*What you have to do*
Start at the line containing "Neagra Şarului - lângă" and transcribe every line exactly through the end of the records below, and only those lines.

*Data for review*
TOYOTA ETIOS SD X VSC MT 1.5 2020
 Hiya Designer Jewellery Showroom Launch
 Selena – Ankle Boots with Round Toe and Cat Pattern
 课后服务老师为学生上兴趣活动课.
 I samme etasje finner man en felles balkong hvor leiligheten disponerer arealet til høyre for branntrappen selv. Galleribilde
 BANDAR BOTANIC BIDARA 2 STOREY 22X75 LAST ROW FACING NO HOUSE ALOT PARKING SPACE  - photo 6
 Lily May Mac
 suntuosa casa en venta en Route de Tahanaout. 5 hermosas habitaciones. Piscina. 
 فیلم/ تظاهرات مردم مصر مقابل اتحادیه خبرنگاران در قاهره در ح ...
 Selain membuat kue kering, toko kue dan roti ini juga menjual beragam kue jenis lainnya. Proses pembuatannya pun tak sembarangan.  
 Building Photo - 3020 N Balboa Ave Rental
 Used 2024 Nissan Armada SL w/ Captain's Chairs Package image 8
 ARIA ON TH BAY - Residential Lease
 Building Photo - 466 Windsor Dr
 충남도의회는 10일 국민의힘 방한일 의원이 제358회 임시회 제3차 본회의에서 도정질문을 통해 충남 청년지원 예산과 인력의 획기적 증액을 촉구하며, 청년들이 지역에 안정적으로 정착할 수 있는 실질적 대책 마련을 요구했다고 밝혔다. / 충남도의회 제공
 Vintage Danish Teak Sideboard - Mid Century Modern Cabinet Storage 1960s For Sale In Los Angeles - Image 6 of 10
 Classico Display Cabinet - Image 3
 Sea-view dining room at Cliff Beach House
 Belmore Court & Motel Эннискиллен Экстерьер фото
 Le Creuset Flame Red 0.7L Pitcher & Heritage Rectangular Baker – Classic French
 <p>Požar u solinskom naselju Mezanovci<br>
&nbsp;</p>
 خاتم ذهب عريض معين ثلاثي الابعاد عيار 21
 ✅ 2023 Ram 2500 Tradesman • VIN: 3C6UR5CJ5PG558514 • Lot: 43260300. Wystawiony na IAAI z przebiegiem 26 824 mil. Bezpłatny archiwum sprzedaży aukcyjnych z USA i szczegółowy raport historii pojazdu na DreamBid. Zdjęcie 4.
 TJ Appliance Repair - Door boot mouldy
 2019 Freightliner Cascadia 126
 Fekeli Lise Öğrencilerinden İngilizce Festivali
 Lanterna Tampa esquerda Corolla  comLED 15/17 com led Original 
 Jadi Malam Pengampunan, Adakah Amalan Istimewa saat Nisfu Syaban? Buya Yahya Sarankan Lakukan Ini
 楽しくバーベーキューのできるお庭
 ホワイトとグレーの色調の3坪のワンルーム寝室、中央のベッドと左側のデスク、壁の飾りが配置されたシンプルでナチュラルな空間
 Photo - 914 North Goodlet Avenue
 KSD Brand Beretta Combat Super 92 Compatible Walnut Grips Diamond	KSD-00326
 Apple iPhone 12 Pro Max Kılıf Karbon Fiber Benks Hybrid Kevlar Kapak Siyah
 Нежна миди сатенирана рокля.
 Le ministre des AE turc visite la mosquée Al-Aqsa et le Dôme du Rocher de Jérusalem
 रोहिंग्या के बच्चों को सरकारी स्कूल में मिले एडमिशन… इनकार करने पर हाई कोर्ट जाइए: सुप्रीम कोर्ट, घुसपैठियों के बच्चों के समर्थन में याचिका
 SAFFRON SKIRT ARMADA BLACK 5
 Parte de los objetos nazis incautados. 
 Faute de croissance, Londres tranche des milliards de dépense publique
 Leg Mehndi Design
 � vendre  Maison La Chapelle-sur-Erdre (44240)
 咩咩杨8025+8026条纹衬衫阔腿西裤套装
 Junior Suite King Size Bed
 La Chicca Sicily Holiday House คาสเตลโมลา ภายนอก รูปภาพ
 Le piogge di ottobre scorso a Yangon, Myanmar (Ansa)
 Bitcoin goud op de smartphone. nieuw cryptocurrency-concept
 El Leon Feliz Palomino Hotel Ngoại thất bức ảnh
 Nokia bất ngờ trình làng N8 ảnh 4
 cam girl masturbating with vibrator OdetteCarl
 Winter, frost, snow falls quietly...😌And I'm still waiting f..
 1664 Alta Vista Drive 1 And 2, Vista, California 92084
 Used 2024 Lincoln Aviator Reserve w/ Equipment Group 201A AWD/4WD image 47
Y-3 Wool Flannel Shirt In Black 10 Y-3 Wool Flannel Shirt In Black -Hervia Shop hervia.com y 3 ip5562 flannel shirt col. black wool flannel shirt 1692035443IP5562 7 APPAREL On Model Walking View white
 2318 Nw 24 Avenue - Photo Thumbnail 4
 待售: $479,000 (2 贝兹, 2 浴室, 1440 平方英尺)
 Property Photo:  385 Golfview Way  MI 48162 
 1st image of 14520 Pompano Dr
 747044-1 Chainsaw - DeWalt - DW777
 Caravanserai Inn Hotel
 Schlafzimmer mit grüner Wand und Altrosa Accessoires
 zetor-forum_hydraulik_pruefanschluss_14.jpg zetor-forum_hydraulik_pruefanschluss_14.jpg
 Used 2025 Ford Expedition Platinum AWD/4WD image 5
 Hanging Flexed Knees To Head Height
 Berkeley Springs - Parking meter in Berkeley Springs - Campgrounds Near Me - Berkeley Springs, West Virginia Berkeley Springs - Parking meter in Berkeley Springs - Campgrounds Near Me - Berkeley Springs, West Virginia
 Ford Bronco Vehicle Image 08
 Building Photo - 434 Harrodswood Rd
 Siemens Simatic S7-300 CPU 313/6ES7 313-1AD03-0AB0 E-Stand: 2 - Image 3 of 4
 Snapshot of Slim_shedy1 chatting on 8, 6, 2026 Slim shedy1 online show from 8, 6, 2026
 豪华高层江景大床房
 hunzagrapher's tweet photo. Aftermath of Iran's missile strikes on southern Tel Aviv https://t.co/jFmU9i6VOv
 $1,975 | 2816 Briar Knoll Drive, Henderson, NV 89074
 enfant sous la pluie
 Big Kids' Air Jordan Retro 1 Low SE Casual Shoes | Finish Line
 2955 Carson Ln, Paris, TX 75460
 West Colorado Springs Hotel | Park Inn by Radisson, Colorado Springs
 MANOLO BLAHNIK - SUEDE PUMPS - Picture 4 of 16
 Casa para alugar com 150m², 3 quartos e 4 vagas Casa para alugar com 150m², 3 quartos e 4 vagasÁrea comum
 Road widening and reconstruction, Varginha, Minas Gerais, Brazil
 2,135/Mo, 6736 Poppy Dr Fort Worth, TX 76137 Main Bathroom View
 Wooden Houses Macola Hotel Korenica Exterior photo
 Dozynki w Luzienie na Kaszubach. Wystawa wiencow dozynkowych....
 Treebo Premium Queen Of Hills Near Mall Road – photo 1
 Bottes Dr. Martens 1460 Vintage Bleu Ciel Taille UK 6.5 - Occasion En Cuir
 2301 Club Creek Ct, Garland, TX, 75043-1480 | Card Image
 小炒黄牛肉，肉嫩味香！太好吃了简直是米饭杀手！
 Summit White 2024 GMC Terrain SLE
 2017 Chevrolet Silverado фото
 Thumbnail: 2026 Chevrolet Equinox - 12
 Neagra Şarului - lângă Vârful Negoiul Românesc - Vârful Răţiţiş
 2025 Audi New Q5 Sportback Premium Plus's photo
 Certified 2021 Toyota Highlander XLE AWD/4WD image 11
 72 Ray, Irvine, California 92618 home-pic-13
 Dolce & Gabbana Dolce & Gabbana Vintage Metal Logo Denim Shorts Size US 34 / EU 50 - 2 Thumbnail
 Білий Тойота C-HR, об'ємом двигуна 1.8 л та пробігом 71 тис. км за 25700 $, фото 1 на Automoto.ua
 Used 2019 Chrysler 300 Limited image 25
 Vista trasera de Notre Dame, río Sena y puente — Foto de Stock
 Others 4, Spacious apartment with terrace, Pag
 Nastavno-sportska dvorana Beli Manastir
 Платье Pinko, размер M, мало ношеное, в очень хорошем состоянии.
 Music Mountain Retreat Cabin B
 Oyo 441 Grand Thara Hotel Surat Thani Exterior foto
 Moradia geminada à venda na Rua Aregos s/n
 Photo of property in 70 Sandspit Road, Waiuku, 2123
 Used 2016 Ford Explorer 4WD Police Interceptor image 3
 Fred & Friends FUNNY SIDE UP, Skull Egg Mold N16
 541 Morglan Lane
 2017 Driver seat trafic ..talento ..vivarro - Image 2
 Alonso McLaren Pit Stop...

*Solution to this task*
 Neagra Şarului - lângă Vârful Negoiul Românesc - Vârful Răţiţiş
 2025 Audi New Q5 Sportback Premium Plus's photo
 Certified 2021 Toyota Highlander XLE AWD/4WD image 11
 72 Ray, Irvine, California 92618 home-pic-13
 Dolce & Gabbana Dolce & Gabbana Vintage Metal Logo Denim Shorts Size US 34 / EU 50 - 2 Thumbnail
 Білий Тойота C-HR, об'ємом двигуна 1.8 л та пробігом 71 тис. км за 25700 $, фото 1 на Automoto.ua
 Used 2019 Chrysler 300 Limited image 25
 Vista trasera de Notre Dame, río Sena y puente — Foto de Stock
 Others 4, Spacious apartment with terrace, Pag
 Nastavno-sportska dvorana Beli Manastir
 Платье Pinko, размер M, мало ношеное, в очень хорошем состоянии.
 Music Mountain Retreat Cabin B
 Oyo 441 Grand Thara Hotel Surat Thani Exterior foto
 Moradia geminada à venda na Rua Aregos s/n
 Photo of property in 70 Sandspit Road, Waiuku, 2123
 Used 2016 Ford Explorer 4WD Police Interceptor image 3
 Fred & Friends FUNNY SIDE UP, Skull Egg Mold N16
 541 Morglan Lane
 2017 Driver seat trafic ..talento ..vivarro - Image 2
 Alonso McLaren Pit Stop...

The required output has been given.